Data under study:

+ + +

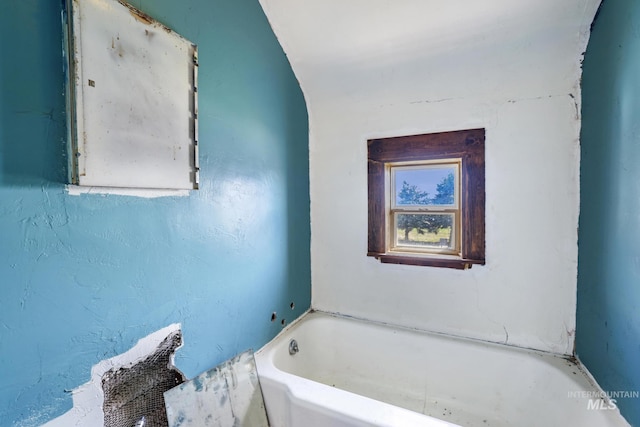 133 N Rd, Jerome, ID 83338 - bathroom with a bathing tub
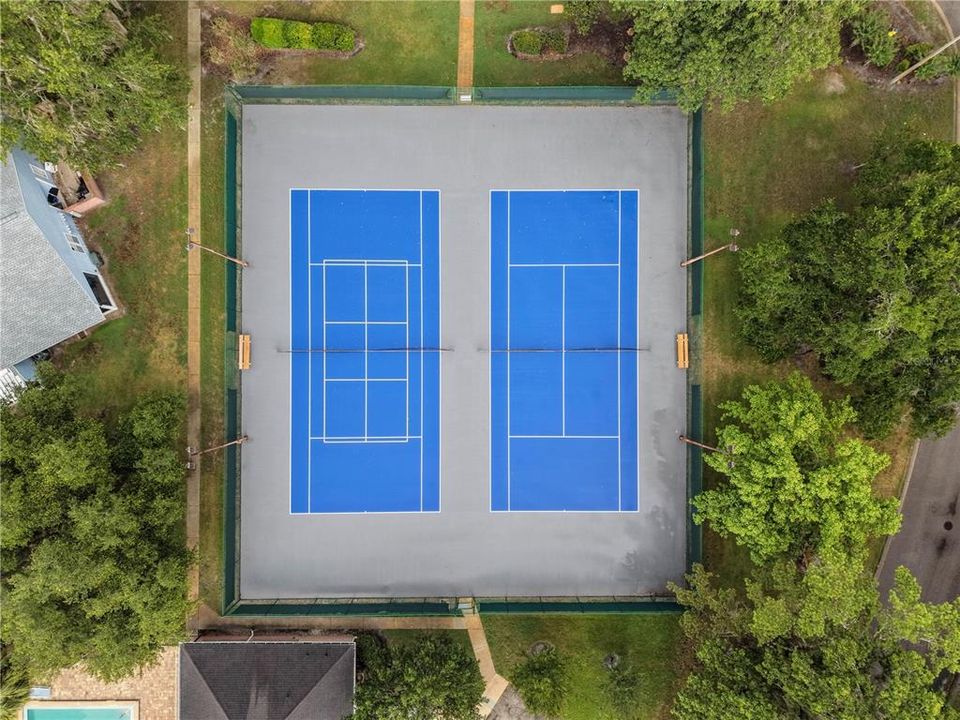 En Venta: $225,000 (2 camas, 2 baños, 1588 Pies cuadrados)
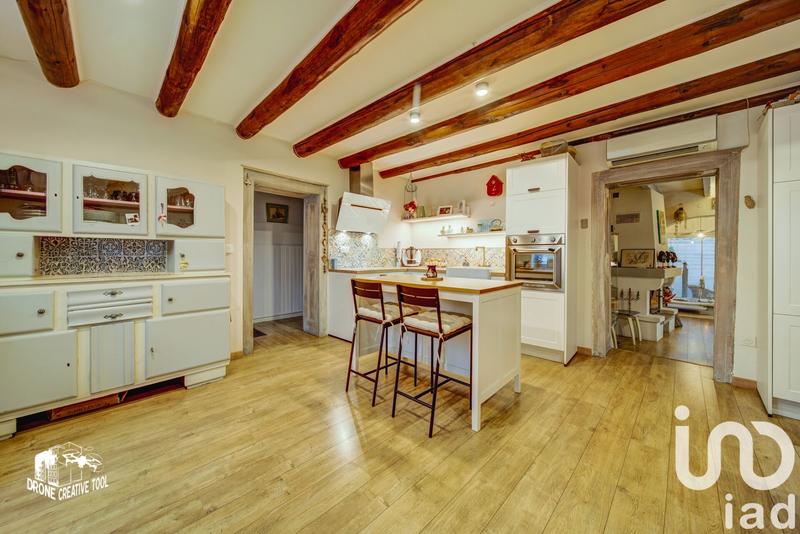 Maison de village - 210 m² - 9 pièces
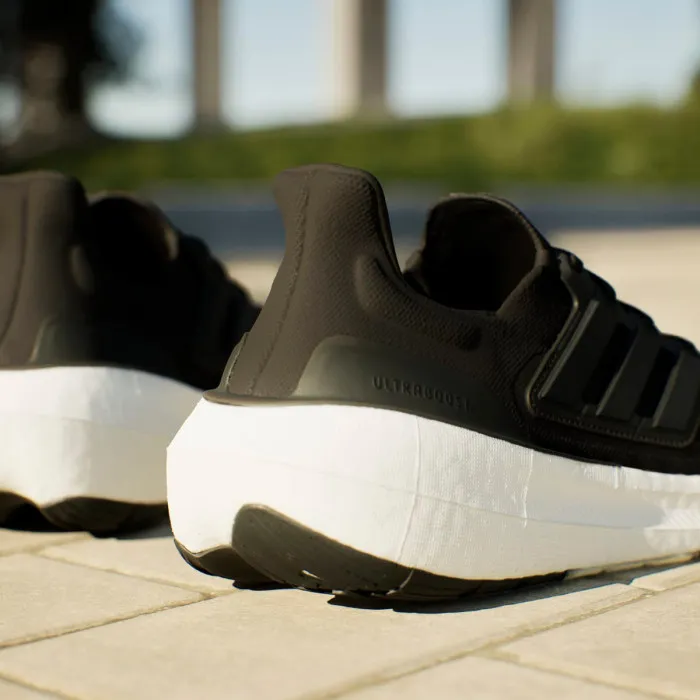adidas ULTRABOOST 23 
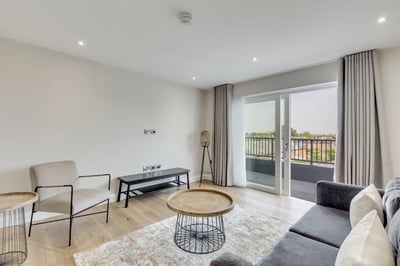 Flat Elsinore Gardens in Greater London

+ + +

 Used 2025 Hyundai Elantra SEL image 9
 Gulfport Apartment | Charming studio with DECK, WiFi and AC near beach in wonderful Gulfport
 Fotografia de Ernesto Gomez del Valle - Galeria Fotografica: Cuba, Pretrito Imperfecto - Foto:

+ + +

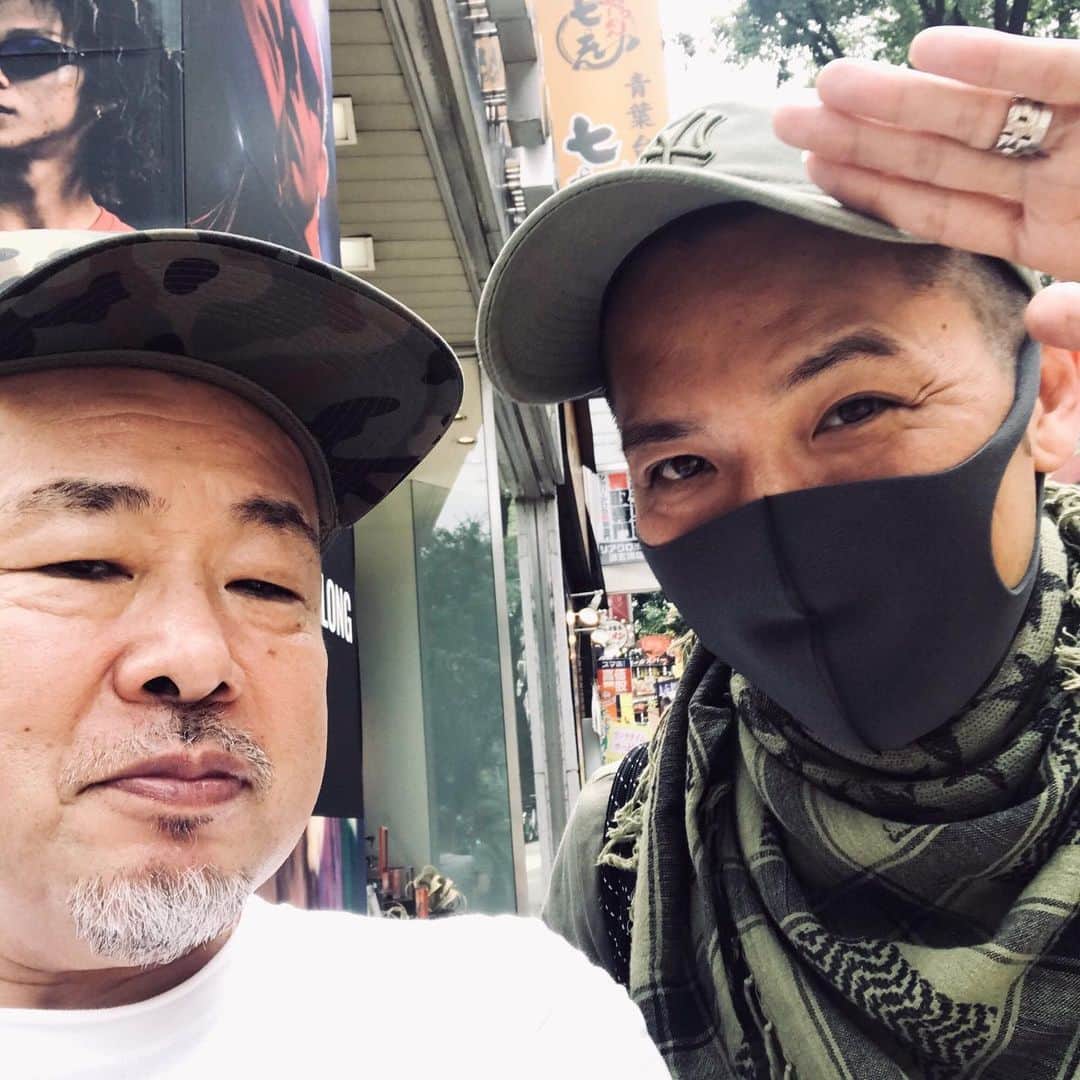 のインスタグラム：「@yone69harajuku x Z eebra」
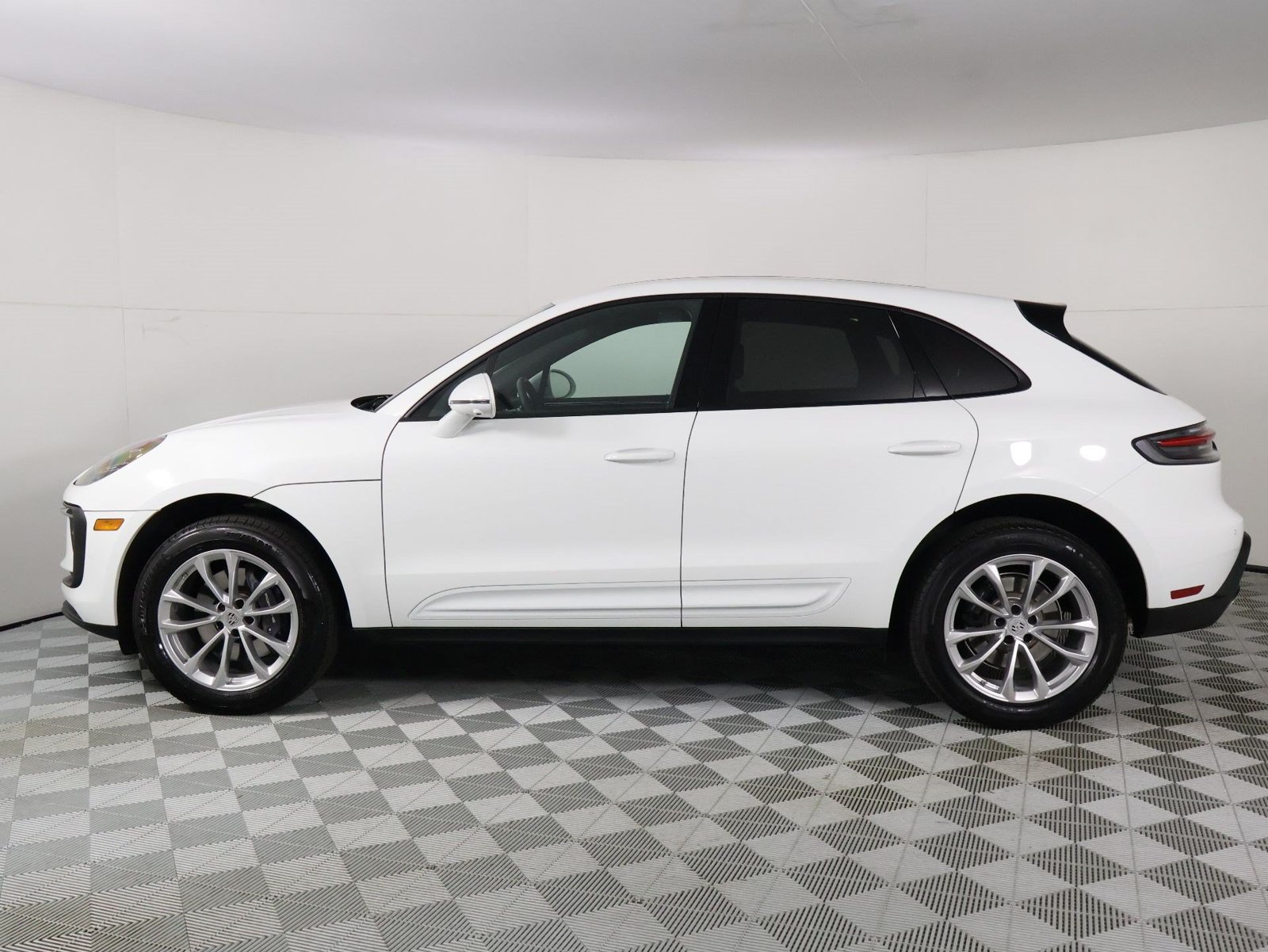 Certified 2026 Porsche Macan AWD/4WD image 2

+ + +

What is required: Only one stretch of the entries above is needed: the lines from the one containing "133 N Rd, Jerome, ID" through the one containing "Flat Elsinore Gardens in Greater London". Copy it exactly, without the pictures.

Response to the exercise:
 133 N Rd, Jerome, ID 83338 - bathroom with a bathing tub
 En Venta: $225,000 (2 camas, 2 baños, 1588 Pies cuadrados)
 Maison de village - 210 m² - 9 pièces
adidas ULTRABOOST 23 
 Flat Elsinore Gardens in Greater London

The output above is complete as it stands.